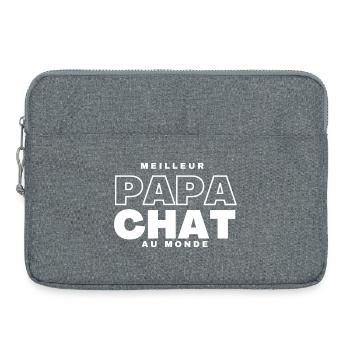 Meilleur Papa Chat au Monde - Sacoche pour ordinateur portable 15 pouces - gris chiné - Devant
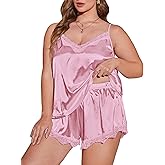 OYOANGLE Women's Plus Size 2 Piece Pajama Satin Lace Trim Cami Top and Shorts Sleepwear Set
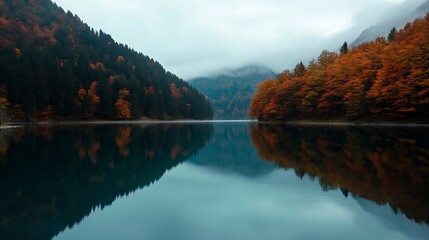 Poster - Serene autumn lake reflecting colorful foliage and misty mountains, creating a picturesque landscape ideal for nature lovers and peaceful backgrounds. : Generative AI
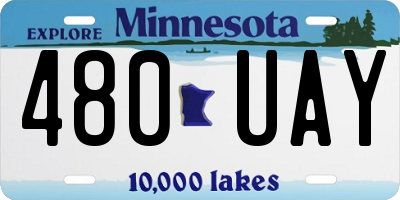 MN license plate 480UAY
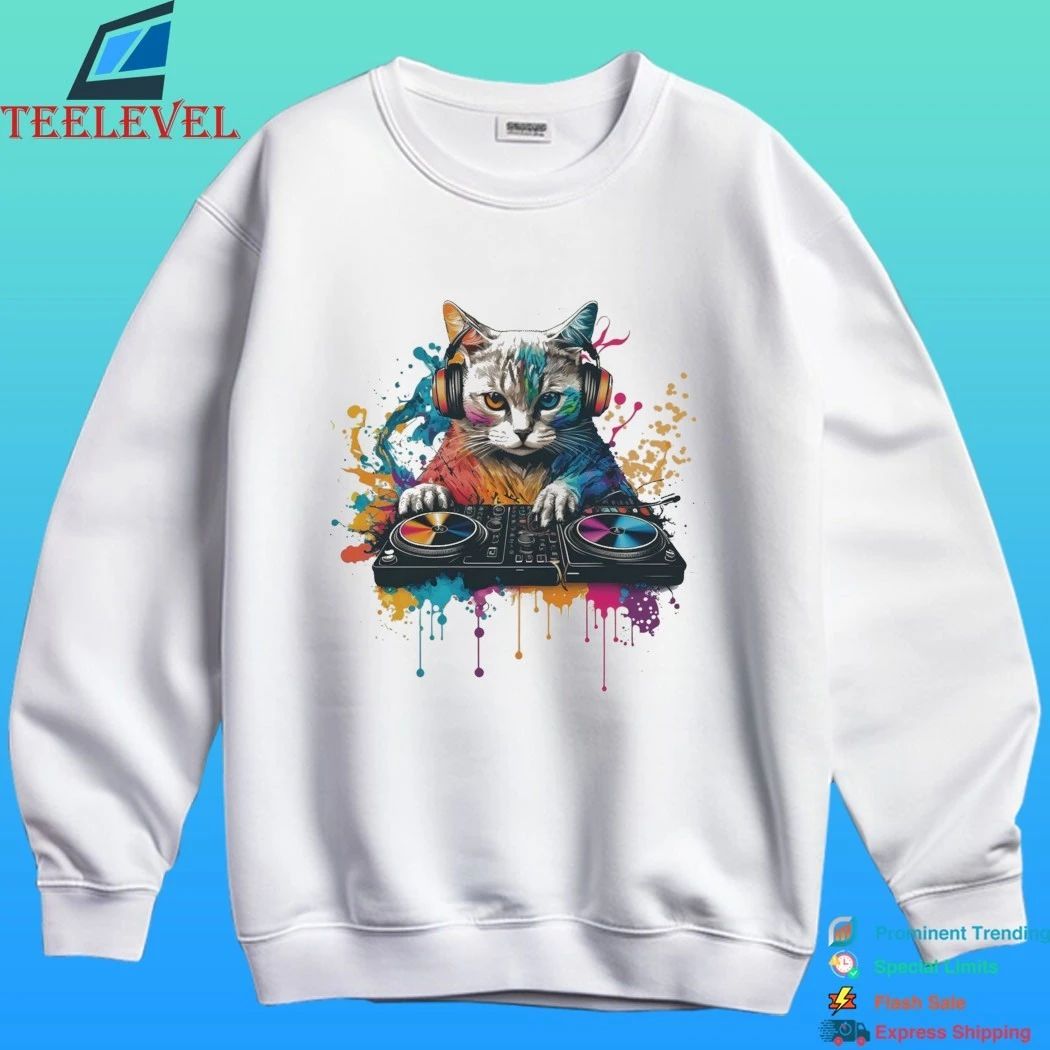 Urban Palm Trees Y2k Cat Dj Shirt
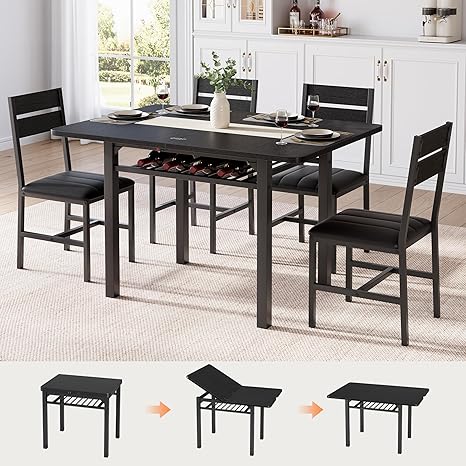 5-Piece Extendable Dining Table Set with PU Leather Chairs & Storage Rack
---
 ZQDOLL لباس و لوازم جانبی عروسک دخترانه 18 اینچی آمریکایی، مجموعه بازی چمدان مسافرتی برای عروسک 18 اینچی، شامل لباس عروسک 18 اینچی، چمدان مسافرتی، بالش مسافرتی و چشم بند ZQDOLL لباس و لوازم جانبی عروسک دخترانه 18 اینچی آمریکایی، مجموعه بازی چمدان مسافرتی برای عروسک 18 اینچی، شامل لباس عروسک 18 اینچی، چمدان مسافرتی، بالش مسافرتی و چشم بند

(Problem to work on):
Exact repeat of the material above: every line from the one with "Meilleur Papa Chat" through the one with "5-Piece Extendable Dining", endpoints included, and nothing more. No pictures.

(Exercise solution):
 Meilleur Papa Chat au Monde - Sacoche pour ordinateur portable 15 pouces - gris chiné - Devant
 OYOANGLE Women's Plus Size 2 Piece Pajama Satin Lace Trim Cami Top and Shorts Sleepwear Set
 Poster - Serene autumn lake reflecting colorful foliage and misty mountains, creating a picturesque landscape ideal for nature lovers and peaceful backgrounds. : Generative AI
 MN license plate 480UAY
 Urban Palm Trees Y2k Cat Dj Shirt
 5-Piece Extendable Dining Table Set with PU Leather Chairs & Storage Rack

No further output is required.